═════ Data records ═════

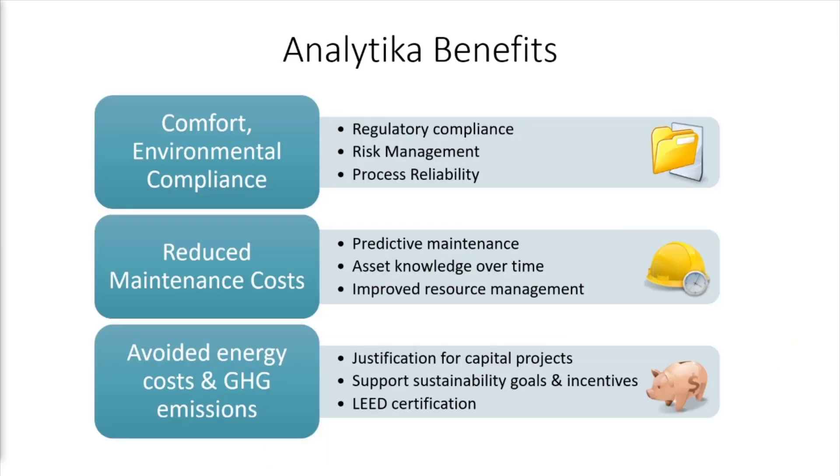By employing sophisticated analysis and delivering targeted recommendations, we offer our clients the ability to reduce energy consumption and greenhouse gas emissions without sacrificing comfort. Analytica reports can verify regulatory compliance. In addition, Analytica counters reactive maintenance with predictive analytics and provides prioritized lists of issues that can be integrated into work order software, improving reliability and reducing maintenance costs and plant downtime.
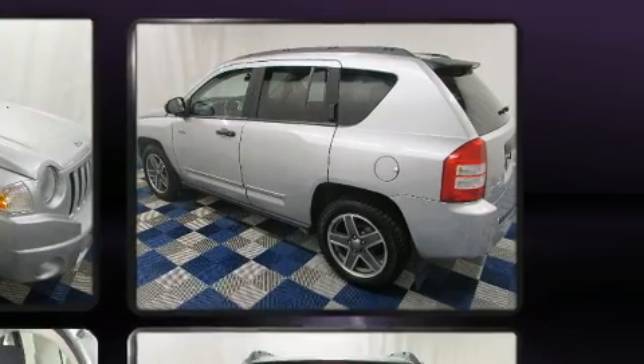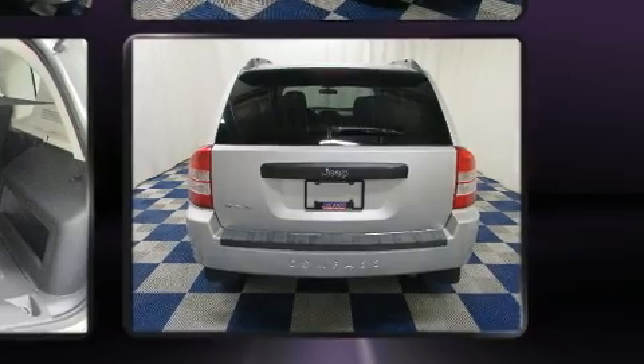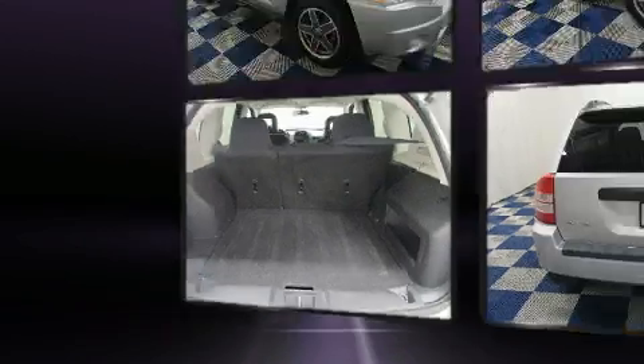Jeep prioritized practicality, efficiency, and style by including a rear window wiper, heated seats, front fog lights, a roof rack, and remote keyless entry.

═════
═════ Data records ═════

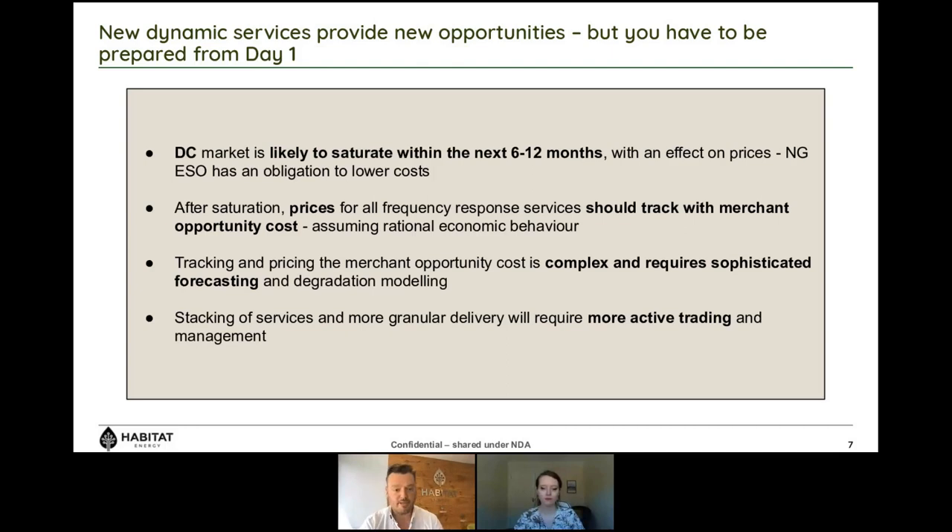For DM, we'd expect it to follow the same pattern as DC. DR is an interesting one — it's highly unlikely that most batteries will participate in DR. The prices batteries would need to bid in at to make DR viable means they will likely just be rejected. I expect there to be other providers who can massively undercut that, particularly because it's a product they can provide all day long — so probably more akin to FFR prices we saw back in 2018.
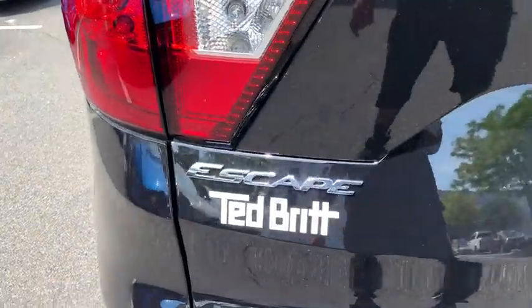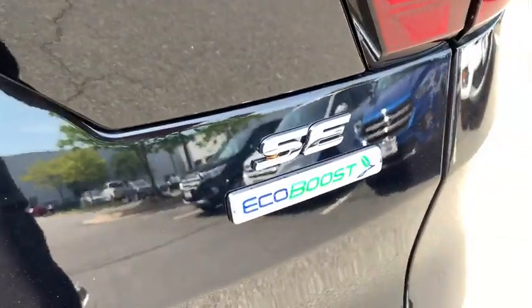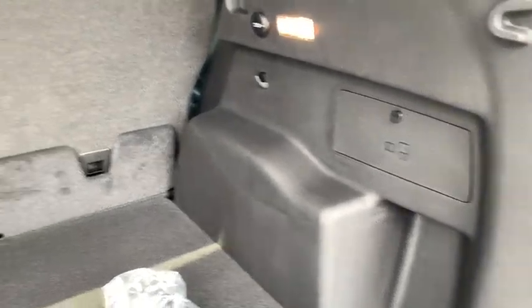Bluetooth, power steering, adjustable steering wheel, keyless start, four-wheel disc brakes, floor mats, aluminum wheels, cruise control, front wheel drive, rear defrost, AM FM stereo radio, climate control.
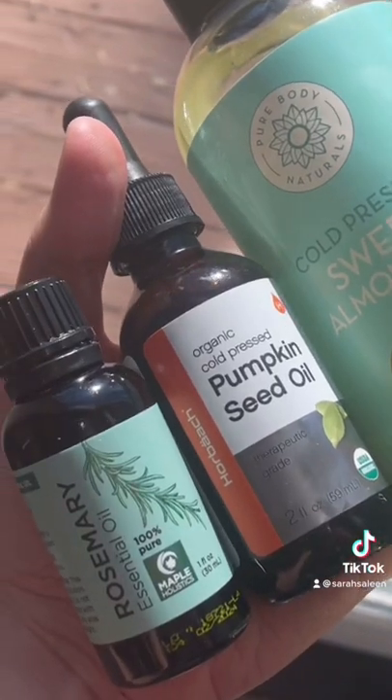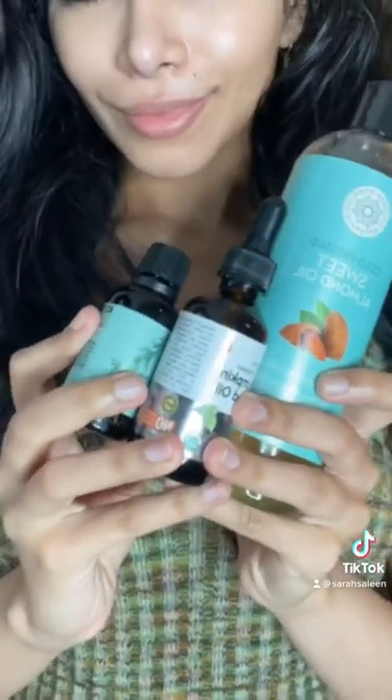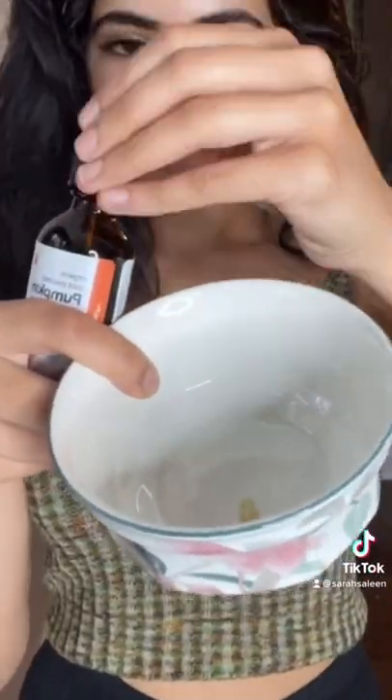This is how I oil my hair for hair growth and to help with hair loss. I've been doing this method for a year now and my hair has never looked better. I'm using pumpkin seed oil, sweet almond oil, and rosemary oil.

═════

Task prompt
Please copy the lines above exactly, starting at the line that holds "For DM, we'd" and ending at the line that holds "This is how"; include both, but no pictures.

Your solution
For DM, we'd expect it to follow the same pattern as DC. DR is an interesting one — it's highly unlikely that most batteries will participate in DR. The prices batteries would need to bid in at to make DR viable means they will likely just be rejected. I expect there to be other providers who can massively undercut that, particularly because it's a product they can provide all day long — so probably more akin to FFR prices we saw back in 2018.
Bluetooth, power steering, adjustable steering wheel, keyless start, four-wheel disc brakes, floor mats, aluminum wheels, cruise control, front wheel drive, rear defrost, AM FM stereo radio, climate control.
This is how I oil my hair for hair growth and to help with hair loss. I've been doing this method for a year now and my hair has never looked better. I'm using pumpkin seed oil, sweet almond oil, and rosemary oil.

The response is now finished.